Releases: autogram-is/spidergram

v0.10.0 — Ham

10 May 20:04
Compare
Choose a tag to compare

This release is dedicated to Peter Porker of Earth-8311, an innocent pig raised by animal scientist May Porker. After a freak accident with the world's first atomic powered hairdryer, Peter was bitten by the scientist and transformed into a crime-fighting superhero pig.

New Additions

  • Custom queries and multi-query reports can be defined in the Spidergram config files; Spidergram now ships with a handful of simple queries and an overview report as part of its core configuration.
  • Spidergram can run an Axe Accessibility Report on every page as it crawls a site; this behavior can be turned on and off via the spider.auditAccessiblity config property.
  • Spidergram can now save cookies, performance data, and remote API requests made during page load using the config.spider.saveCookies, .savePerformance, and .saveXhr config properties.
  • Spidergram can identify and catalog design patterns during the post-crawl page analysis process; pattern definitions can also include rules for extracting pattern properties like a card's title and CTA link.
  • Resources with attached downloads can be processed using file parsing plugins; Spidergram 0.10.0 comes with support for PDF and .docx content and metadata, image EXIF metadata, and audio/video metadata in a variety of formats.
  • The config.spider.seed setting lets you set one or more URLs as the default starting points for crawling.
  • For large crawls, an experimental config.offloadBodyHtml settings flag has been added to Spidergram's global configuration. When it's set to 'db', all body HTML will be stored in a dedicated key-value collection, rather than the resources collection. On sites with many large pages (50k+ pages of 500k+ html or more) this can significantly improve the speed of filtering, queries and reporting.

Changes

  • Spidergram's CLI commands have been overhauled; vestigial commands from the 0.5.0 era have been removed and replaced. Of particular interest:
    • spidergram status summarizes the current config and DB state
    • spidergram init generates a fresh configuration file in the current directory
    • spidergram ping tests a remote URL using the current analysis settings
    • spidergram query displays and saves filtered snapshots of the saved crawl graph
    • spidergram report outputs a collection of query results as a combined workbook or JSON file
    • spidergram go crawls one or more URLs, analyzes the crawled files, and generates a report in a single step.
    • spidergram url test tests a URL against the current normalizer and filter settings.
    • spidergram url tree replaces the old urls command for building site hierarchies.
  • CLI consistency is significantly improved. For example: analyze, query, report, and url tree all support the same --filter syntax for controlling which records are loaded from the database.
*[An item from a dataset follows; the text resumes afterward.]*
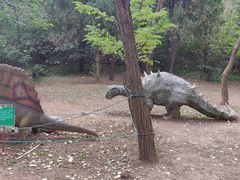 -原山国家森林公园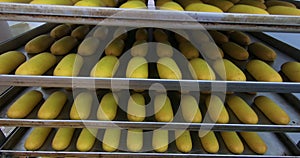 Production of chocolates. Automated chocolate production line at the factory.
Fixes and under-the-hood improvements

  • URL matching and filtering has been smoothed out, and a host of tests have been added to ensure things stay solid. Previously, filter strings were treated as globs matched against the entire URL. Now, { property: 'hostname', glob: '*.foo.com' } objects can be used to explicitly specify glob orr regex matches against individual URL components.

v0.9.0

09 Mar 04:11
Compare
Choose a tag to compare

Spidergram 0.9.0: Gwen

This release is dedicated to teen crime-fighter Gwen Stacy of Earth-65. She juggles high school, her band, and wisecracking web-slinging until her boyfriend Peter Parker becomes infatuated with Spider-Woman. Unable to reveal her secret identity, Spider-Woman is blamed for Peter's tragic lizard-themed death on prom night… and Gwen goes on the run.
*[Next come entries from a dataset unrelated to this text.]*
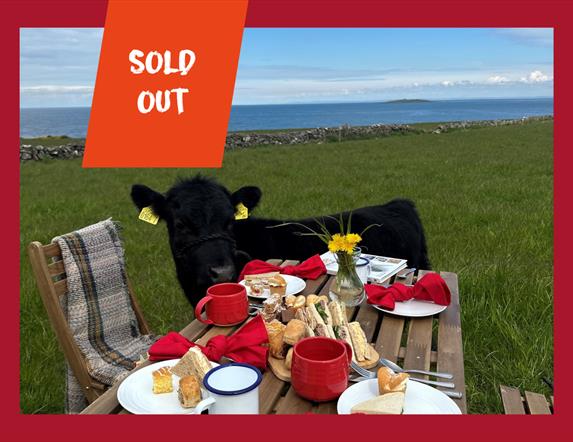 A calf standing beside a picnic table laid with food in a field overlooking the sea with the text 'Sold out'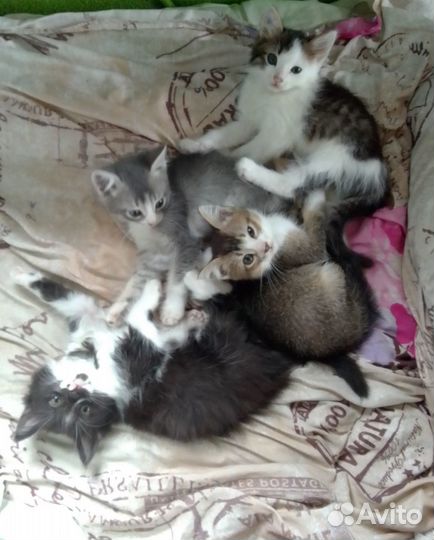 Котята в добрые руки бесплатно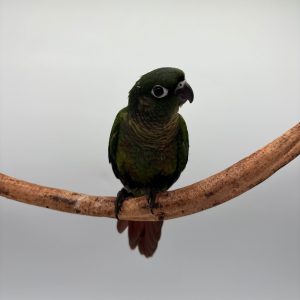 Pyrrhura Molinae conure a joue verte 049 élevé main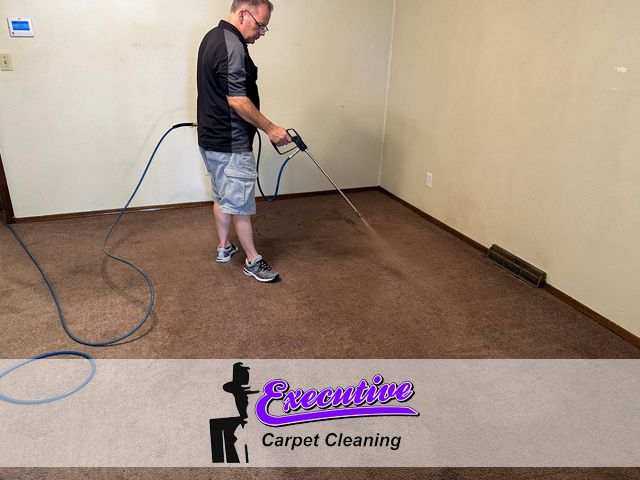 Professional Carpet Cleaning Service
Like Gwen Stacy's social calendar, this version of Spidergram has a lot going on. Hold onto your seats!

Major Changes

  • Vertice and Edge have been renamed to Entity and Relationship to avoid confusion with ArangoDB graph traversal and storage concepts. With the arrival of the Dataset and KeyValueStore classes (see below), we also needed the clarity when dealing with full-fledged Entities vs random datatypes.
  • Improved report/query helpers. The GraphWorker and VerticeQuery — both of which relied on raw snippets of AQL for filtering — have been replaced by a new query-builder system. A unified Query class can take a query definition in JSON format, or construct one piecemeal using fluent methods like filterBy() and sort(). A related EntityQuery class returns pre-instantiated Entity instances to eliminate boilerplate code, and a WorkerQuery class executes a worker function against each query result while emitting progress events for easy monitoring.
  • HtmlTools.getPageContent() and .getPageData() are both async now, allowing them to use some of the aync parsing and extraction tools in our toolbox. If your extracted data and content suddenly appear empty, make sure you're awaiting the results of these two calls in your handlers and scripts.
  • Project class replaced by Spidergram class, as part of the configuration management overhaul mentioned below. In most code, changing const project = await Project.config(); to const spidergram = await Spidergram.load(); and const db = await project.graph(); to const db = spidergram.arango; should be sufficient.

New Additions

  • Spidergram configuration can now live in .json, .js, or .ts files — and can control a much wider variety of internal behaviors. JS and TS configuration files can also pass in custom functions where appropriate, like the urlNormalizer and spider.requestHandlers settings. Specific environment variables, or .env files, can also be used to supply or override sensitive properties like API account credentials.
  • Ad-hoc data storage with the Dataset and KeyValueStore classes. Both offer static open methods that give quick access to default or named data stores -- creating new storage buckets if needed, or pulling up existing ones. Datasets offer pushItem(anyData) and getItems() methods, while KeyValueStores offer setItem(key, value) and getItem(key) methods. Behind the scenes, they create and manage dedicated ArangoDB collections that can be used in custom queries.
  • PDF and DocX parsing via FileTools.Pdf and FileTools.Document, based on the pdf-parse and mammoth projects. Those two formats are a first trial run for more generic parsing/handling of arbitrary formats; both can return filetype-specific metadata, and plaintext versions of file contents. For consistency, the Spreadsheet class has also been moved to FileTools.Spreadsheet.
  • Site technology detection via BrowserTools.Fingerprint. Fingerprinting is currently based on the Wappalyzer project and uses markup, script, and header patterns to identify the technologies and platforms used to build/host a page.
  • CLI improvements. The new spidergram report command can pull up filtered, aggregated, and formatted versions of Spidergram crawl data. It can output to tabular overviews on the command line, raw JSON files for use with data visualization tools, or ready-to-read Excel worksheets. The spidergram probe command allows the new Fingerprint tool to be run from the command line, as well.
  • Groundwork for cleaner CLI code. While it's not as obvious to end users, we're moving more and more code away from the Oclif-dependent SgCommand class and putting it into the shared SpiderCli helper class where it can be used in more contexts. In the next version, we'll be leveraging these improvements to make Spidergram's built-in CLI tools take better advantage of the new global configuration settings.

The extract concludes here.